Jリーグに、電撃的人事で初の副理事長(副チェアマン)が誕生する。23日、東京・JFAハウスで理事会を行い、1月31日の日本協会(JFA)会長選に僅差で敗れた原博実専務理事(57)をNO・2のポストで起用することを承認した。原氏はJFAを退職し、他の新理事らと3月9日付で就任する。

 2期目を迎える村井チェアマンはJFAのNO・3、専務理事を務めた原氏の“獲得”という目玉人事に「Jリーグのレベルを世界水準に引き上げる道筋をつけてもらう」と期待。元日本代表で、浦和と東京で監督経験もある同氏の存在を「(現職幹部に)ずっと大きく欠けていたピース」と表現した。

 原氏が「家族にも言っていない」という仰天人事の裏には、JFAが初めて行った会長選の影響がある。田嶋副会長との一騎打ちの末、34票対40票(白票1)で落選。3月に会長になる田嶋氏は水面下で新人事に着手し、原氏には2階級の降格とも取れる理事の職を打診した。
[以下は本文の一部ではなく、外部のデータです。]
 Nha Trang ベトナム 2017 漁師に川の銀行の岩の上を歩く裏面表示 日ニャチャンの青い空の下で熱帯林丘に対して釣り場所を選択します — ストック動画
20日の富士ゼロックス・スーパー杯が行われた日産スタジアムで、この処遇を田嶋氏から直接聞いたという村井チェアマンは、原氏に即刻オファーを出した。

 2つの話を受けたその日のうちに原氏は「協会の人間ですから、まずは協会と考えていた。ただ、日本サッカーのためにJリーグから」と決断。激しく争い、開票後の会見で握手までした2人。敗れた対立候補は追われるように新会長就任前にJFAを去る。表面上丸く収まったようにみえるが、会長選は遺恨を残し、初の副チェアマン誕生のサプライズにつながった。